The story of AOD-9604 from the 1990s Monash laboratory to its current presence in compounding menus is a specific kind of pharmaceutical narrative, and it's worth understanding what kind. This is not a story of a compound that was found to be dangerous. It's not a story of fraud or of science being misrepresented. It's a story of a compound whose science was real enough to attract serious investment and move through meaningful clinical trials, but whose effect size in the primary intended indication was insufficient for the commercial and regulatory demands of the pharmaceutical market. That's a different story than most people assume when they hear "this never became an approved drug."

What it means for the compound's current use is nuanced. The clinical trials exist and are accessible. The mechanism is characterized and understood at a reasonable level, with some significant remaining uncertainties. The safety signals that emerged from the clinical program were reassuring. The efficacy signals were real but modest. That combination — honest safety data, honest efficacy data, legitimate mechanistic research — is more solid footing than a great deal of what circulates in the compounding peptide space, where compounds sometimes have minimal human data at all.

And yet the gap between what the trials showed and how AOD-9604 is currently positioned in consumer markets is real and worth naming. The clinical research was conducted on obese patients in a twelve-week pharmaceutical trial. Its applicability to the way the compound is now discussed — as a body recomposition tool, a fat loss accelerant, a targeted lipolytic for people who are already relatively lean and training — has never been tested in that population, in those conditions, with those goals. The science that exists supports a modest and real lipolytic effect in an obesity-treatment context. It does not support the broader enthusiasm that has accumulated around it.

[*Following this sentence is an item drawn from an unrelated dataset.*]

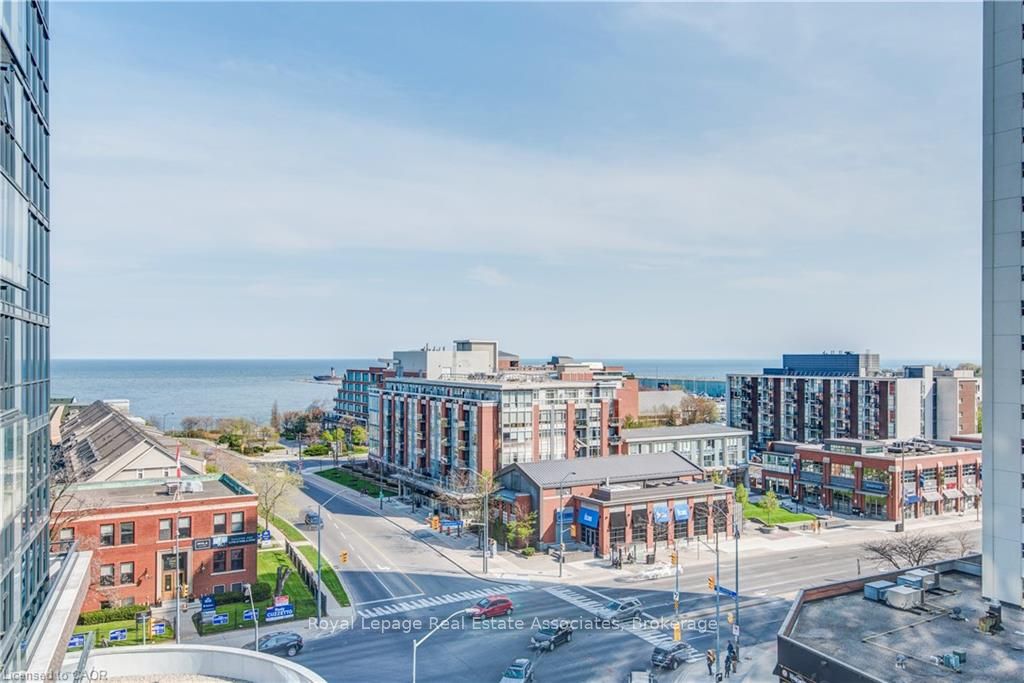 1 Hurontario Street 609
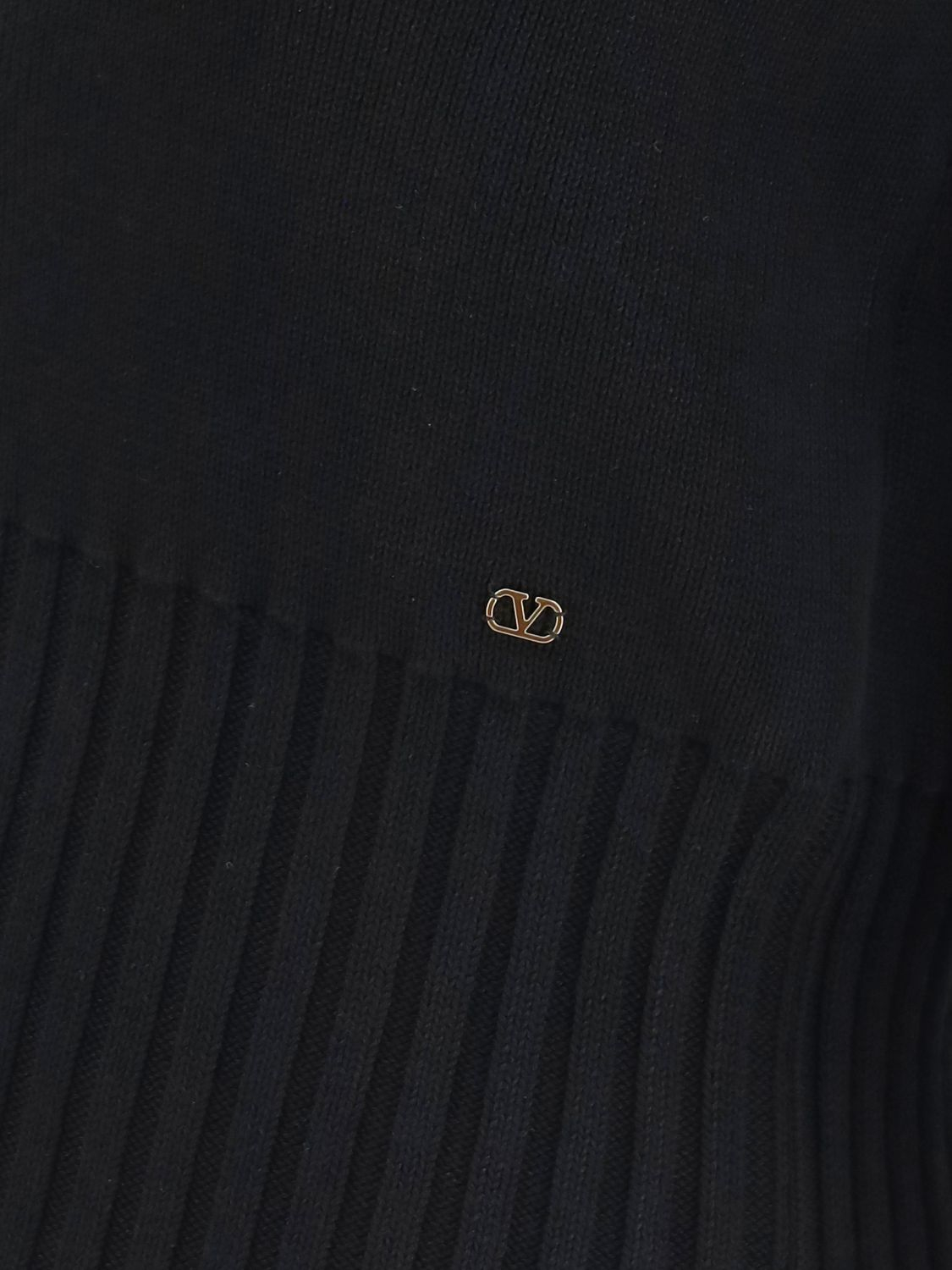 [Valentino] Knitwear FW26 KA16CAAJ 0KQ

Sometimes drug development reveals that the science works and the commercial framing doesn't. Modest effect sizes that don't justify a blockbuster investment can still represent genuine biology. The fat-metabolism signal in the C-terminal fragment of growth hormone is real. The question Frank Ng started with in the early 1990s — whether you can separate the lipolytic signal from the anabolic and glucose-dysregulating signals — yielded a partial yes. Not a large yes, not a commercially sufficient yes, but a yes that has kept researchers and compounding providers interested for thirty years. That is its own kind of answer, and it deserves to be understood clearly: as what it is, not as what the marketing around it sometimes implies it might be.

Frequently asked

Who invented AOD-9604 and why?+
Biochemist Frank Ng at Monash University in Melbourne designed it in the early 1990s, asking whether growth hormone's fat-metabolism signal could be separated from its growth-promoting, IGF-1-driving, glucose-disrupting effects by isolating the molecule's C-terminal fragment.
Why did AOD-9604 never become an approved drug?+
Its Phase II obesity trials showed real but modest weight loss — a few kilograms over placebo — which couldn't justify the cost of Phase III trials and approval. It was discontinued for commercial and regulatory reasons, not because it was found dangerous.
What is AOD-9604's regulatory status now?+
Australia's Therapeutic Goods Administration tightened its scheduling in the early 2020s. In the United States it is not FDA-approved for any indication and is accessible only through compounding pharmacies under a provider's prescription.